WHEREAS, Pledgor and Secured Party are parties to a certain Loan Agreement
dated March 25, 2005 (the "Loan Agreement") which Loan Agreement provides for
the loan to Pledgor by Secured Party certain funds as set forth in a Note of
even date.
NOW THEREFORE, in consideration of the entering into the Loan Agreement
and the making of the obligations evidenced by the Covenant the parties hereto
as follows:
1. As collateral security for the full and timely payment, performance and
observance of all of the Obligations (as hereinafter defined), the Pledgor
hereby deposits, hypothecates, pledges, transfers and delivers to the Escrow
Agent all the Pledged Securities, in form transferable for delivery, and grants
to the Secured Party a security interest in, the shares of stock and interest
and the certificates or other instruments or documents evidencing same in AICI,
Inc. (the "Company") more particularly described in Schedule A annexed hereto
and made a part hereof and such additional property at any time and from time to
time receivable by the Secured Party hereunder or otherwise distributed by the
Company in respect of or in exchange for any or all such shares (herein
collectively called "Pledged Securities" which term shall also include all other
property (tangible and intangible) which this Agreement designates as "Pledged
Securities"). Pledgor hereby grants to Secured Party a security interest in and
to the Shares represented by the Pledged Securities and the proceeds of same, as
security for the payment and performance of all obligations, liabilities and
indebtedness of the Company arising under or pursuant to the Loan Agreement. By
executing this Agreement, the Escrow Agent acknowledges the existence of such
security interest. Pledgor shall also provide to the Escrow Agent a Stock Powers
separate from Certificate, signed in blank, in the form set forth in Schedule B,
to transfer the Pledged Securities, as herein contemplated, and agrees to
provide such additional documentation to transfer the Pledged Securities as
requested from time to time by the Secured Party.
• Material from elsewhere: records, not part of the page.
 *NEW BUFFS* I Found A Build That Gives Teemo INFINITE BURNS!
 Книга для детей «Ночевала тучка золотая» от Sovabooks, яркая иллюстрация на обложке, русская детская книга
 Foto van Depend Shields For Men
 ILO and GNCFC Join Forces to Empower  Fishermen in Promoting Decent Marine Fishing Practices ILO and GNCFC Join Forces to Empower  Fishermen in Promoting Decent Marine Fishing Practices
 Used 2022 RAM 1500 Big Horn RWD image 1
"Obligations" shall mean the obligations of Putegnat to the Secured Party
evidenced by the Loan Agreement and secured by this Agreement.
1
2. (a) Based on the Secured Party's representations and warranties to
Pledgor contained in the Loan Agreement, the Pledgor represents and warrants
that the Pledged Securities are, and will be on deposit hereunder, duly and
validly issued and duly and validly pledged with the Secured Party in accordance
with law. Pledgor hereby agrees to defend the Secured Party's right, title, lien
and security interest in and to the Pledged Securities against the claims and
demands of all persons whomsoever. The Pledgor also represents and warrants to
the Secured Party that Pledgor has, and will have on deposit hereunder, good
title to all of the Pledged Securities, free and clear of all claims, rights to
purchase or redeem, requirements to sell or otherwise transfer, mortgages,
pledges, liens, encumbrances and security interests of every nature whatsoever,
and that no consent or approval of any governmental or regulatory authority, or
of any securities exchange, or any other person was or is necessary to the
validity of this pledge which has not been obtained.
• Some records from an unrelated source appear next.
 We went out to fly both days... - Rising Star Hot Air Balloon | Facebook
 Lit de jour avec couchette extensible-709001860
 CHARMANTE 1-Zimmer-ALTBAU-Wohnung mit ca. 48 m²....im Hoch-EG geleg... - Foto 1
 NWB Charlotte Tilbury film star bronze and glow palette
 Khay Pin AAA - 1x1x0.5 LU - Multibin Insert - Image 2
(b) The Pledgor will not sell, assign, transfer or otherwise dispose of,
grant any option with respect to, or pledge or grant any security interest in or
otherwise encumber any of the Pledged Securities or any interest therein, except
for the pledge thereof provided for in this Agreement.
(c) The Pledgor, without the prior written consent of the Secured Party,
will not cause the Company to merge or consolidate with any third party or sell
all or substantially all of the Company's assets.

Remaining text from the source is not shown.